* [THE PROBLEM]:
Exactly as they appear, copy the lines from the start of the entries below to the line containing "Chanel Flap Messenger", both ends included.

───── RECORDS FOR THE EXERCISE

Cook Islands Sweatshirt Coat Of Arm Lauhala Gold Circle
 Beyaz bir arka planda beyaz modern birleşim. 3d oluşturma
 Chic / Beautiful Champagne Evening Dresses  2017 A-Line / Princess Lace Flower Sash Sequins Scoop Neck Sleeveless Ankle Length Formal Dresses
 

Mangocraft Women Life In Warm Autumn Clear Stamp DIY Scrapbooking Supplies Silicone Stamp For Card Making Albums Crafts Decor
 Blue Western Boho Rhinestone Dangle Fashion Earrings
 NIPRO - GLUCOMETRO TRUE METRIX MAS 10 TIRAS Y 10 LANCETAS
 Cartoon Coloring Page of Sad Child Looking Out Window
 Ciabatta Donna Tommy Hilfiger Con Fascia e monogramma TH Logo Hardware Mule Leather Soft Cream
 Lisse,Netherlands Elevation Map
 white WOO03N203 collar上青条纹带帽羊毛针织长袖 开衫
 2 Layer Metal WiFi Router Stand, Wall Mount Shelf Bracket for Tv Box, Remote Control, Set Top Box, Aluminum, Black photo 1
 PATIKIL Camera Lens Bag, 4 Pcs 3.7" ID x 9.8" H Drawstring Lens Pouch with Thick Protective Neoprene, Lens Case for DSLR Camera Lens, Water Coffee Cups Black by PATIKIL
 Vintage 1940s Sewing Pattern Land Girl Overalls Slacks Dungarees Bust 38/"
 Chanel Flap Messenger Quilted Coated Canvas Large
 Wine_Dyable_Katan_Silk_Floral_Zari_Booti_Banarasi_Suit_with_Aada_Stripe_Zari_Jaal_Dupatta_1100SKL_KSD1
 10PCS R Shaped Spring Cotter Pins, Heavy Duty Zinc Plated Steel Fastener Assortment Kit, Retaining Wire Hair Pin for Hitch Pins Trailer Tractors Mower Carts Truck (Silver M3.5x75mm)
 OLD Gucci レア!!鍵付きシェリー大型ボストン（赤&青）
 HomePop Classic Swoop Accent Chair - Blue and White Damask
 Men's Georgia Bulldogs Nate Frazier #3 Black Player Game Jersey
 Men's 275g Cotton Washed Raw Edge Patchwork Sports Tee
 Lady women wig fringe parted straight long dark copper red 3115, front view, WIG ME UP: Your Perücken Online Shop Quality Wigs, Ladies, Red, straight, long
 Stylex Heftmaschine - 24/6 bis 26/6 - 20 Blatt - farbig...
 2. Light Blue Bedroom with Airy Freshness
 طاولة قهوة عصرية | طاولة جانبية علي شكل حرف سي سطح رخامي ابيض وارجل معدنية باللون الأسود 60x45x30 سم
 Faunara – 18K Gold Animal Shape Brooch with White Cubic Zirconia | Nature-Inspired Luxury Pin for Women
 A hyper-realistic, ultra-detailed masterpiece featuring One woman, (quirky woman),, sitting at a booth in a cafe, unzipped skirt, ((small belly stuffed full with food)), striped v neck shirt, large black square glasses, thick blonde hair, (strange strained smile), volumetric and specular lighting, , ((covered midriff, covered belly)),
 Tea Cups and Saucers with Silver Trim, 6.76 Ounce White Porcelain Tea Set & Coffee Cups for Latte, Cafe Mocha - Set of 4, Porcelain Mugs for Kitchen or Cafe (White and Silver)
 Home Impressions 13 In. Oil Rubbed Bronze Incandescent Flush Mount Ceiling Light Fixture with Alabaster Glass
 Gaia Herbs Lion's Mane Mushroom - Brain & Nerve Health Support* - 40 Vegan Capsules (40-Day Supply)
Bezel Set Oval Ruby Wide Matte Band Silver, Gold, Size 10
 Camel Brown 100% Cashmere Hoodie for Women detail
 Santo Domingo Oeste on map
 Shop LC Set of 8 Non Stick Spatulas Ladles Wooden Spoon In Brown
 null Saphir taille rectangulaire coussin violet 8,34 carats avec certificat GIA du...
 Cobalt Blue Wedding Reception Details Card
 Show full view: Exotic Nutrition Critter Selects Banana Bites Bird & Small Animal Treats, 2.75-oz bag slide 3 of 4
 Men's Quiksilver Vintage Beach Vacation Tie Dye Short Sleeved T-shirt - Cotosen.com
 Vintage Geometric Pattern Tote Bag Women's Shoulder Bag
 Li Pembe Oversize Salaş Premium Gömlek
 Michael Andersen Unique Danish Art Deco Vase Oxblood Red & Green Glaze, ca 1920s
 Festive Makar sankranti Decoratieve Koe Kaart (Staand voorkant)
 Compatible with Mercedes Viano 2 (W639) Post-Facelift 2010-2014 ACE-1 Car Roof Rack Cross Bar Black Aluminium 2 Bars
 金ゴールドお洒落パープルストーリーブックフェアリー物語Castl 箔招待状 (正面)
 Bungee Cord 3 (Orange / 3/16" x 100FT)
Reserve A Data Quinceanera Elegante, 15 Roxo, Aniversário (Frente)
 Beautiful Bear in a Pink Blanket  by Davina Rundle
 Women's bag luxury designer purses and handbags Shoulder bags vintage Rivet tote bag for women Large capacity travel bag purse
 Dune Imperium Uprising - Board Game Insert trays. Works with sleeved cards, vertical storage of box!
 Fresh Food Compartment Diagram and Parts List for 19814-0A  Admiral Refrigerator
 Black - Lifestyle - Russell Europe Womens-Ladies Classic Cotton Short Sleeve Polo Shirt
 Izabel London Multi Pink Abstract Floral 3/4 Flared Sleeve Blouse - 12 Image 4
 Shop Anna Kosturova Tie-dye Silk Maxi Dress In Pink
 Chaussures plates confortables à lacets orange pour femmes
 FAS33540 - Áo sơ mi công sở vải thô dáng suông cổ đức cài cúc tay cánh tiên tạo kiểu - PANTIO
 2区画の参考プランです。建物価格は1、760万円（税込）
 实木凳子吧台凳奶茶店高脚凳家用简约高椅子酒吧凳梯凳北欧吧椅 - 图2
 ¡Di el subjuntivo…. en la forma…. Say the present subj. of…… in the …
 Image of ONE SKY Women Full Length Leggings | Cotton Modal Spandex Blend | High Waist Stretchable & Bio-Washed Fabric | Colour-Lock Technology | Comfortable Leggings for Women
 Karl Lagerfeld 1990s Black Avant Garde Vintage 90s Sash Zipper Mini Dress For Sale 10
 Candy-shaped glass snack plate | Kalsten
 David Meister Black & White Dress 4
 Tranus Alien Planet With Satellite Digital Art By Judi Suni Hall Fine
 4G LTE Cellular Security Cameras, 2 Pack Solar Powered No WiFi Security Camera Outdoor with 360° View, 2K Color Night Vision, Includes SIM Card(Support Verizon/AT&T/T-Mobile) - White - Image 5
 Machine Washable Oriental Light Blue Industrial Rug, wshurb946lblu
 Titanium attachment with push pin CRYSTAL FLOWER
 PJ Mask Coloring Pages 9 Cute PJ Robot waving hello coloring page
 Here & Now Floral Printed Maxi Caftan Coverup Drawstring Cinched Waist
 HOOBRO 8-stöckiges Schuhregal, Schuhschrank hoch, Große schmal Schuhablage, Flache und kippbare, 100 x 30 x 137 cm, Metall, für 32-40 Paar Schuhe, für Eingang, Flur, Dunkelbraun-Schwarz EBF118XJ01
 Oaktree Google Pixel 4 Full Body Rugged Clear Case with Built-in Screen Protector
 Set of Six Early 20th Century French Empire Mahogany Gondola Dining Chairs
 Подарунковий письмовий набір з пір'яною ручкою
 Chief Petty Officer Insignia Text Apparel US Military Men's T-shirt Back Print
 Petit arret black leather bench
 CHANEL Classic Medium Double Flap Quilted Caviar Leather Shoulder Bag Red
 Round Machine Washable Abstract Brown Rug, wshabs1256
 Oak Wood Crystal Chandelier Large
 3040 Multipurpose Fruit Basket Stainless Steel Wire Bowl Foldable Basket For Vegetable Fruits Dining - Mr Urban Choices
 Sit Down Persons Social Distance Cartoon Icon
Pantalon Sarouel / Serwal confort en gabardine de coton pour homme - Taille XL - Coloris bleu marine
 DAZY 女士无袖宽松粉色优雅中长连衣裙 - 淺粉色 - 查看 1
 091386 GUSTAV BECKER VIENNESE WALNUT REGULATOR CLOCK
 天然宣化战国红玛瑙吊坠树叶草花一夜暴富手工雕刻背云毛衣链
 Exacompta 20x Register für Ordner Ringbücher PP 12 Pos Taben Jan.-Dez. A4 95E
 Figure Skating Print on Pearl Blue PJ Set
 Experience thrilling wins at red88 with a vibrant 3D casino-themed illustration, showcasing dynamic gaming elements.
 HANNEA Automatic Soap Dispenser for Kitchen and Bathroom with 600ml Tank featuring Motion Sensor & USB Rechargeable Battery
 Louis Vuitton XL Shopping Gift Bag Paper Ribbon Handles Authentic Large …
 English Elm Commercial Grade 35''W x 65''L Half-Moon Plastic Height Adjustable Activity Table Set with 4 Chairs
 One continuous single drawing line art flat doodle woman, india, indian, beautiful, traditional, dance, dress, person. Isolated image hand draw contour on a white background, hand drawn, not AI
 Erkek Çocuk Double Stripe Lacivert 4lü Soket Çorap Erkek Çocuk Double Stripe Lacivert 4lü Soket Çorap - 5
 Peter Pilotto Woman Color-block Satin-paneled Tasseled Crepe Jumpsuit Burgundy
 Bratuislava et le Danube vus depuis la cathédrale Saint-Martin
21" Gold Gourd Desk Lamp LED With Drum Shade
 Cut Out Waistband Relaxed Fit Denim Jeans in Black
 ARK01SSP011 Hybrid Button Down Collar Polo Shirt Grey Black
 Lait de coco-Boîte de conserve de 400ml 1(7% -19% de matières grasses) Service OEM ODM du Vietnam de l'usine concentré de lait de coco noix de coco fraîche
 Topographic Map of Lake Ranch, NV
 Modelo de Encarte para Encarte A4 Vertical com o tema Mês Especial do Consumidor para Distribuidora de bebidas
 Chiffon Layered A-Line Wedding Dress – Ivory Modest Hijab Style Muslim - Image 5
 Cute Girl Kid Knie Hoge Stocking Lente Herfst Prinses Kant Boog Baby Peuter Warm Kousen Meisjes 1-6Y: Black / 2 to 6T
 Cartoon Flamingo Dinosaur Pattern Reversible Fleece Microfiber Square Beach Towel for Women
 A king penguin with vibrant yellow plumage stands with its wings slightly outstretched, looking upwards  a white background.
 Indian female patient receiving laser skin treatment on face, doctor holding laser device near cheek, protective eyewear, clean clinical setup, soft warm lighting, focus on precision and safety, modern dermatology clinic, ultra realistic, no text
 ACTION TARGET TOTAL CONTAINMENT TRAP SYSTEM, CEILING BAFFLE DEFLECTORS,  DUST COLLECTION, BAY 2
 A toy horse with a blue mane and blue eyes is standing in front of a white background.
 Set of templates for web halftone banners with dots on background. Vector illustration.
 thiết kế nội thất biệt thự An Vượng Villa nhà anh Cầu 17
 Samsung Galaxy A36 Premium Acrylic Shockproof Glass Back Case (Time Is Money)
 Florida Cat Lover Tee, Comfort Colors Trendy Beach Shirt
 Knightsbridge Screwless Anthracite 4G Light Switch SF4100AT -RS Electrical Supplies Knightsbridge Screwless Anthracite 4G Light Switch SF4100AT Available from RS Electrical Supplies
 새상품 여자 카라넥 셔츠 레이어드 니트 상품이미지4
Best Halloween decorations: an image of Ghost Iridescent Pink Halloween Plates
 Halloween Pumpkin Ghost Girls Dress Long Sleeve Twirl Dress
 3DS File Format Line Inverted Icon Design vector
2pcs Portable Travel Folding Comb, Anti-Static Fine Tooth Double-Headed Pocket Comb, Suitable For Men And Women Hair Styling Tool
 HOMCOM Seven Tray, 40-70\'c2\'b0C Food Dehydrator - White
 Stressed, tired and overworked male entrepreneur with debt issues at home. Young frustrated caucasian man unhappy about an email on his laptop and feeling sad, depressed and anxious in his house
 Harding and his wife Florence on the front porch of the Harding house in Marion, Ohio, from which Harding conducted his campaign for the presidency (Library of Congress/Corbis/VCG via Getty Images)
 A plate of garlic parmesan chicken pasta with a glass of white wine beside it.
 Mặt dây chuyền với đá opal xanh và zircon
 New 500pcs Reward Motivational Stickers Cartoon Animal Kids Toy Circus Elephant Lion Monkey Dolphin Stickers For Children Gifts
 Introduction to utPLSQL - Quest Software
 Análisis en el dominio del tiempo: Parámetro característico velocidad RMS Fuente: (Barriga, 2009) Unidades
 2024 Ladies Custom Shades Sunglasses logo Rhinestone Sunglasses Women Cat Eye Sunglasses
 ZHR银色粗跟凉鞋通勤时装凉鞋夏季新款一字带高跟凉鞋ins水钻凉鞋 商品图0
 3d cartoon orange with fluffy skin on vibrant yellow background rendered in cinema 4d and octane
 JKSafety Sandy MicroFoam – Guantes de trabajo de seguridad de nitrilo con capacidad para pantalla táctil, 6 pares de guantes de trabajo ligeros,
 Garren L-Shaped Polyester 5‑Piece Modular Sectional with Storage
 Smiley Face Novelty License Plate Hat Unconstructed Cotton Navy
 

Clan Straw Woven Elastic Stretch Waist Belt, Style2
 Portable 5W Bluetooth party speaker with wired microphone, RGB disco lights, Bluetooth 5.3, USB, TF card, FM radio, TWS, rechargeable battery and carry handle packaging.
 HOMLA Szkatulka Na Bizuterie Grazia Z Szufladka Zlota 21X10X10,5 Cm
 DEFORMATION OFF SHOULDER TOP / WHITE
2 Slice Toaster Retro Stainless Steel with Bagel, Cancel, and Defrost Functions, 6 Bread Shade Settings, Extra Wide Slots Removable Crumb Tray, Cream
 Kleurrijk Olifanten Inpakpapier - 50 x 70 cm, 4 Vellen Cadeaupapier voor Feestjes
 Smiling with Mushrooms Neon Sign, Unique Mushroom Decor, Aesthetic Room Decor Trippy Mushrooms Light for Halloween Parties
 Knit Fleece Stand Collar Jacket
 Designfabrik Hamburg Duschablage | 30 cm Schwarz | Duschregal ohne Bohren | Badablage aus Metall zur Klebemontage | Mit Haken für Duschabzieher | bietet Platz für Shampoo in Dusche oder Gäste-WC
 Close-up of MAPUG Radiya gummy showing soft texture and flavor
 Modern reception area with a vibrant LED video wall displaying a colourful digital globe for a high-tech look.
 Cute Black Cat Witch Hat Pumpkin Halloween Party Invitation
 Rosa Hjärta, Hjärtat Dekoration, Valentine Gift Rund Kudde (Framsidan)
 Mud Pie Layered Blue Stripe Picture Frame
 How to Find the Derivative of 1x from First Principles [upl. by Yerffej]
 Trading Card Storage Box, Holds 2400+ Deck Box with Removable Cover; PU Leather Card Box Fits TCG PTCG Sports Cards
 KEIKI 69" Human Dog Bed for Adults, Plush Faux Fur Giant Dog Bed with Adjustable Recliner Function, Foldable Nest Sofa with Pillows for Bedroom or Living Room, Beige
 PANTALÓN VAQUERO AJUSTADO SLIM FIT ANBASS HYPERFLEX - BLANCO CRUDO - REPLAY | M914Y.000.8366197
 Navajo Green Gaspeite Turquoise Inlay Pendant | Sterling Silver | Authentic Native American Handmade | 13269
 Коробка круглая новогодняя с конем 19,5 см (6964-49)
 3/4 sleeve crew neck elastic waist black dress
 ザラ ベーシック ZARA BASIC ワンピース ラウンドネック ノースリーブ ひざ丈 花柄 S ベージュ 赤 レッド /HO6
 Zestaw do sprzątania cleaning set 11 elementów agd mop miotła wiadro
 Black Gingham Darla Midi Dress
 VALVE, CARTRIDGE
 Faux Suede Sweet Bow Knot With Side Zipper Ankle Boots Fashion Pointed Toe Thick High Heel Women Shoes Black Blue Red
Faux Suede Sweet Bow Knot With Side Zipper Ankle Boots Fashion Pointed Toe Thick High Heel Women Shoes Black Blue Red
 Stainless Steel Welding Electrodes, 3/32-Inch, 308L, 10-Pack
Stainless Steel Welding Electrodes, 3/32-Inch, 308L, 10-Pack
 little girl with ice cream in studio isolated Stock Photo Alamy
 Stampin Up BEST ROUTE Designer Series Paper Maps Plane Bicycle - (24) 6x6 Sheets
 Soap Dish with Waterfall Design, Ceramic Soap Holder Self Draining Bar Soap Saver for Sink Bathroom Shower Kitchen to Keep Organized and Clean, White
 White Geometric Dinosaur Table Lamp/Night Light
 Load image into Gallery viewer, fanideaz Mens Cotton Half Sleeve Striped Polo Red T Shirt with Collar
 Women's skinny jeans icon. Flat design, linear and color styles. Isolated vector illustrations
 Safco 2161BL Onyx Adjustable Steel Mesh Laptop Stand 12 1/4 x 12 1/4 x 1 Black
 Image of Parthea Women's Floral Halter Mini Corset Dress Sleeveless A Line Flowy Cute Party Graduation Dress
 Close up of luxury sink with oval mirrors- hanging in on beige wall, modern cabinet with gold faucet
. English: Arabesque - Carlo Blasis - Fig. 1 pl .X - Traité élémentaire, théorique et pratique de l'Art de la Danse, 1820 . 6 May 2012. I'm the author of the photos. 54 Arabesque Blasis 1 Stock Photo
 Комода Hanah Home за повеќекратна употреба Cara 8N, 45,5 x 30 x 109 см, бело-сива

──────────

* [COMPLETED EXERCISE]:
Cook Islands Sweatshirt Coat Of Arm Lauhala Gold Circle
 Beyaz bir arka planda beyaz modern birleşim. 3d oluşturma
 Chic / Beautiful Champagne Evening Dresses  2017 A-Line / Princess Lace Flower Sash Sequins Scoop Neck Sleeveless Ankle Length Formal Dresses
 

Mangocraft Women Life In Warm Autumn Clear Stamp DIY Scrapbooking Supplies Silicone Stamp For Card Making Albums Crafts Decor
 Blue Western Boho Rhinestone Dangle Fashion Earrings
 NIPRO - GLUCOMETRO TRUE METRIX MAS 10 TIRAS Y 10 LANCETAS
 Cartoon Coloring Page of Sad Child Looking Out Window
 Ciabatta Donna Tommy Hilfiger Con Fascia e monogramma TH Logo Hardware Mule Leather Soft Cream
 Lisse,Netherlands Elevation Map
 white WOO03N203 collar上青条纹带帽羊毛针织长袖 开衫
 2 Layer Metal WiFi Router Stand, Wall Mount Shelf Bracket for Tv Box, Remote Control, Set Top Box, Aluminum, Black photo 1
 PATIKIL Camera Lens Bag, 4 Pcs 3.7" ID x 9.8" H Drawstring Lens Pouch with Thick Protective Neoprene, Lens Case for DSLR Camera Lens, Water Coffee Cups Black by PATIKIL
 Vintage 1940s Sewing Pattern Land Girl Overalls Slacks Dungarees Bust 38/"
 Chanel Flap Messenger Quilted Coated Canvas Large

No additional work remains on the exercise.